Hmm, this hole feels cozy. Was there really ever an entrance? Anyway, going back is never an option, at least not for someone as thick headed as me. Kicking in walls with my head was always my specialty. Therefore the more important question is: Will there be ever an exit, or will this rabbit hole consume me.
Doing the calculator engine for all this proved rather challenging:
- Operator prevalence needs to be considered
- is a ‘-’ a minus or does it start a negative number?
- How do you traverse back and forth through a string in swift, with all these somewhat strange range expressions?
A great help for a thing like this are unit tests. Testing all the possible combinations types of calculations that can occur. And then, when you think you have tested them all and have thought of every strange calculation you play around with the calculator only to find out that you have forgotten that one really relevant type of calculation. And to fix it you have to rewrite the hole engine.
This is actually part of the love-hate relationship between me and coding. And this love-hate-relationship is maybe the one thing I really love about coding. Standing before a problem that seems to be unsolvable, and then solving it. Overcoming again and again the urge to _not_ solve a problem. To leave it for the people after me. For once taking the big wide road, which everyone travels on. And then deciding that this wide road is not for me. To realize that I am not the person that takes this wide road, the easy way. No. To take the road where it is stony, uneven, and uncrowded. On my own. Not using some fancy library, but inventing new ideas on the fly. It is challenging, time consuming, sometimes painful and exhausting and requires a certain amount of energy. But then the rabbit hole ends. The barely noticeable small road turns into a clearing, surrounded by a nice forest, and a really nice lake in the middle. Warm. Relaxing. Finished. The app works. Does, what I want.
And arriving at these places filled with beauty, calmness and peace is truly the one reward I strive for. And there is no place like code where I can find these places.

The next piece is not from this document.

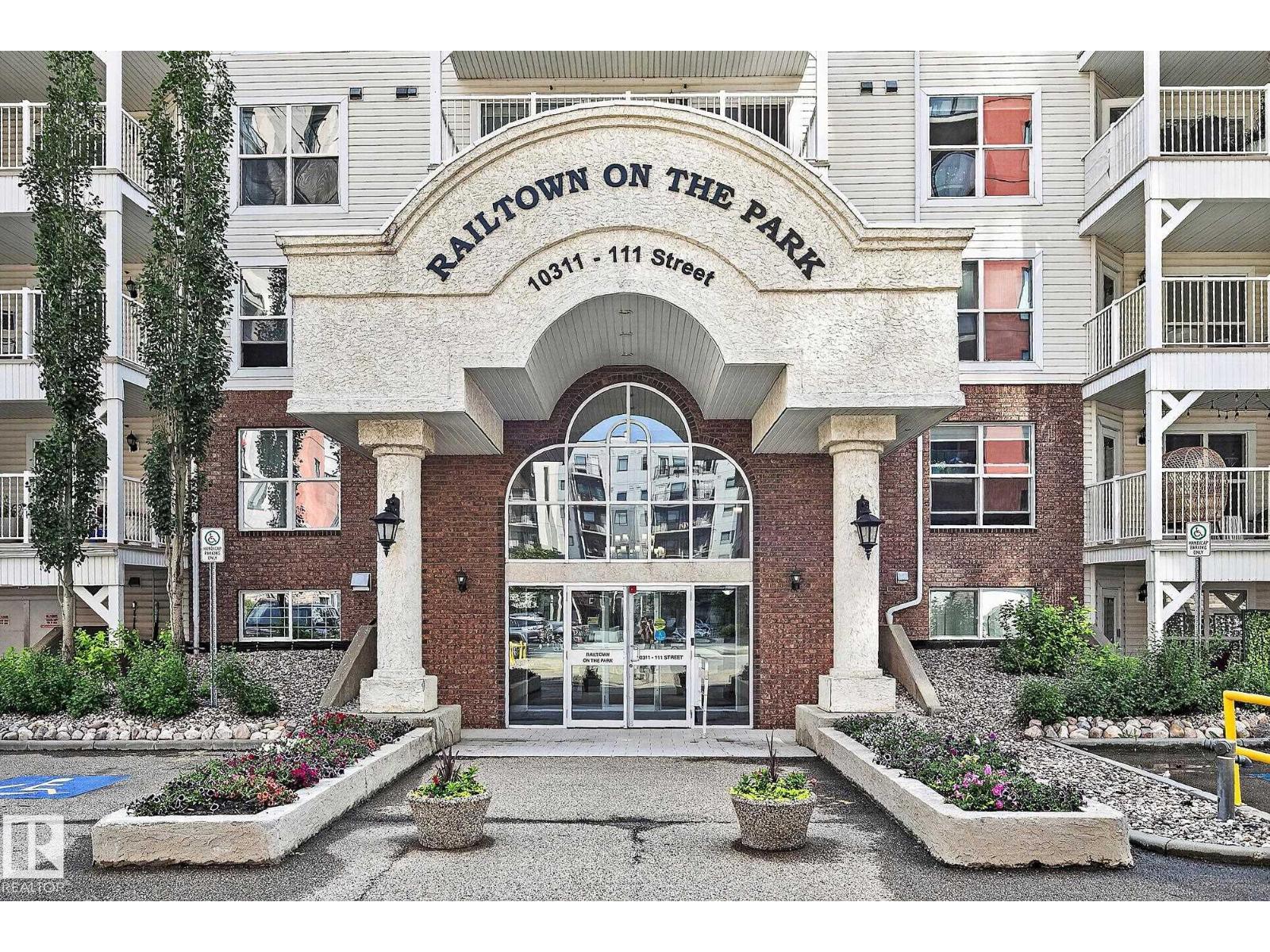#417 10311 111 ST NW - 2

In the end I could have continued to enhance and perfect this app more and more. Give it a nice shell, wrap up the design. But in this stage, at the end of week 4, it is not meant to be appstore-ready.
Therefore I decided to submit the app in a state where it works and performs all the expected calculations with nested subterms, stepping functionality, a calculation history.
But it could be polished even more. Doubletapping the history could bring the element back into the calculation line. Editing a calculation not only at the end but in the midst would be nice. And some more tweakings to the ui. Taking care of line overflows.
I have exited the rabbit hole. And it was a very nice experience. But what did I learn?
- I am still very bad at giving estimates. This will probably never really work.
- Sticking to an initial plan might be a worthy idea. While it is good to enhance a program on the fly, I should learn to stick more closely at what the real task is. A calculator where you can enter some digits, followed by an operator, followed by some other digits, followed by an ‘=’ to receive the result is something different than a calculator which can handle nested subterms, provides a history and stuff.
- When I invest myself into code it can really become good. Even when I overreach and try to do way more than expected.
- Finding an end is useful and sometimes the hardest part.
- What is important to me is okay to be important to me. So I will stick more to these things important to me.